What about her assists per turnover ratio? She has 100 assists vs. 64 turnovers for an A/TO of 1.56. That ratio won't put you in the Top 200 guards in the country. She does get 6.9 steals per game, which puts her at #37 in the country according to MaxPreps. It could be that she's overplaying players, but I didn't see much of that in the highlight real above. She clearly has some defensive skills.
So what do you do with her as a coach? When Buss signed with Indiana, she stated that "he definitely knows how to coach point guards", so this is probably the position she sees herself playing. That 1.56 A/TO ratio worries me. Do you really want her handling the ball as a point guard, when the players defending her will be taller and faster than those she's played against?
Arne Duncan's sweet pass to Skylar Diggins
U.S. Secretary of Education making a sweet over-the-shoulder pass to Tulsa Shock guard Skylar Diggins during the 2014 NBA All-Star Celebrity Game (via ESPN)
She's definitely an outside threat; that doesn't go away. But her stats indicate a drive-to-the-basket game, and if you make her a shooting guard how is she going to do in the Big Ten where she's routinely facing post players who are over six feet tall? Angel McCoughtry can play that kind of game because she's 6'1", but Buss is going to be giving up six inches to very tall players. Buss is listed as 120 pounds on her highlight video as a sophomore. Compare that to McCoughtry's 160 pounds. The weights of Indiana players are not listed, but even if Buss has bulked up over the last two years she appears rather slight.

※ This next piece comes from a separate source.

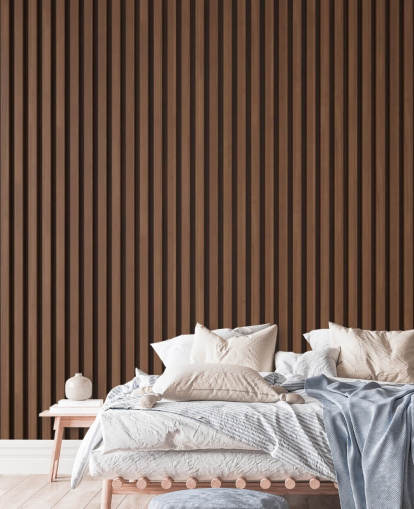 papel pintado de listones de madera con efecto roble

Can she handle getting banged up in the paint?
NCSA Sports gives the guidelines for position players, breaking them down into Tier 1, Tier 2, etc. This is their list of attributes of the typical Division One power conference point guard:
* 3.0 GPA (Buss has a 4.0 GPA at least for her first three years)
* 24 ACT
* 1000 SAT
4 years varsity experience (Yes)
* at least 5'8" (No)
* 10.0 ppg, 4 APG (46.7 ppg, 3.6 APG)
* Great passing skills (Question, as A/TO ratio is low)
* Abillity to knock down open shots from the perimeter (absolutely)
* Displays exceptional floor leadership
* Excellent court awareness
* Exceptional athleticism and lateral quickness
* Able to break defenders down off the dribble
* Great ball handling skills
I'll finish with what Bob Corwin had to say about Tyra Buss in August of 2013:
Buss is a somewhat controversial player as to her college potential -- the proponents who point to her near 40-point-per-game high school average plus a number of strong showings on the club circuit while others counter that her high school opposition is relatively weak plus that she mostly plays on a weaker club basketball circuit as opposed to the stronger Nike-affiliated loop. As in most cases, the truth lies somewhere in between. After watching Buss in this event, the position taken here is closer to the former than the latter. She runs very well with the ball and can score in a lot of different ways (drives, pull-ups and perimeter setters). She has very good vision on the break, putting the ball where it needs to go. She needs to strengthen her left-hand dribble and consistently finish on the left with her left hand. While her hands are quick for steals, she should also work to defend more diligently. Regardless, she should positively impact Indiana's program (school to which she has verbally committed) in her freshman year.
I tend to trust Bob Corwin's assessments. If he says that she'll positively impact Indiana, I believe it. I'll be looking forward to the 2014-15 season where we'll get a chance to see what Tyra Buss can do at the next level.